Computational Method

Gradient Descent

  • How to transform parameters (inputs) to make the function smaller (minimize the cost function)?
  • The principle is that moving the input in the opposite direction of the derivative by a small step can reduce the function's output.
  • Extend the input to vector-form parameters, treat the function as a cost function, and thus obtain a gradient-based optimization algorithm.
  • First-order optimization algorithm: including gradient descent, using the Jacobian matrix (including the relationship between partial derivatives of vectors), and updating the suggested parameter updates through gradient descent: i0opQO.png

Newton's Method

  • Second-order optimization algorithm (求最优补偿,定性临界点): First-order optimization requires adjusting the appropriate learning rate (step size), otherwise it cannot reach the optimal point or will produce shaking, and it cannot update the parameters at the critical point (gradient is 0), which reflects the need for second-order derivative information of the cost function, for example, when the function is convex or concave, the predicted value based on the gradient and the true value of the cost function have a deviation. The Hessian matrix contains second-order information. Newton's method uses the information of the Hessian matrix, uses the second-order Taylor expansion to obtain the function information, and updates the parameters using the following formula: i0o9yD.png 

Constraint Optimization

  • Only contains equality constraint conditions: Lagrange

  • Inequality constraint conditions: KTT

Modify algorithm

Modify the hypothesis space

  • Machine learning algorithms should avoid overfitting and underfitting, which can be addressed by adjusting the model capacity (the ability to fit various functions).

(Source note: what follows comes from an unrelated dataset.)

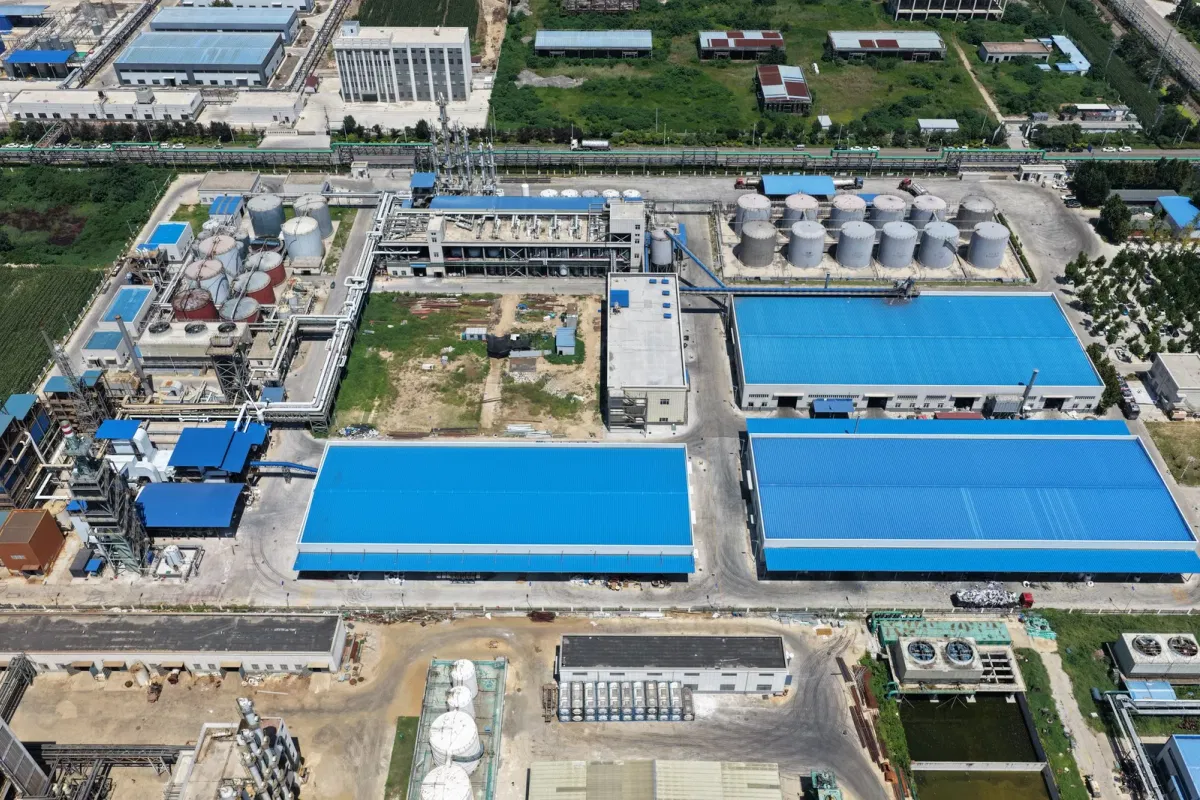 Blue-roof warehouses at Wansheng plasticizer factory China storing recycled PET feedstock for DOTP production
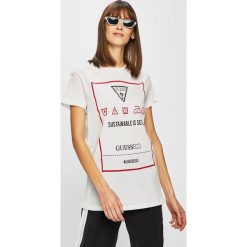 Guess Jeans - Top. Czarne bluzki damskie Guess Jeans, s, z nadrukiem, z bawełny, z okrągłym kołnierzem. W wyprzedaży za 129,90 zł.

  • Adjusting the model capacity involves selecting an appropriate hypothesis space (assuming input rather than parameters), for example, previously only fitting polynomial linear functions:

    \[ y = b + wx \]

  • If nonlinear units, such as higher-order terms, are introduced, the output remains linearly distributed relative to the parameters:

    \[ y= b + w_1 x + w_2 x^2 \]

    This increases the model's capacity while simplifying the generated parameters, making it suitable for solving complex problems; however, a too high capacity may also lead to overfitting.

Regularization

  • No free lunch theorem (after averaging over all possible data generation distributions, each classification algorithm has the same error rate on points that have not been observed beforehand) indicates that machine learning algorithms should be designed for specific tasks, and algorithms should have preferences. Adding regularization to the cost function introduces preferences, causing the learned parameters to be biased towards minimizing the regularization term.

  • An example is weight decay; the cost function with the addition of the weight decay regularization term is:

    \[ J(w) = MSE_{train} + \lambda w^T w \]

    λ controls the preference degree, and the generated models tend to have small parameters, which can avoid overfitting.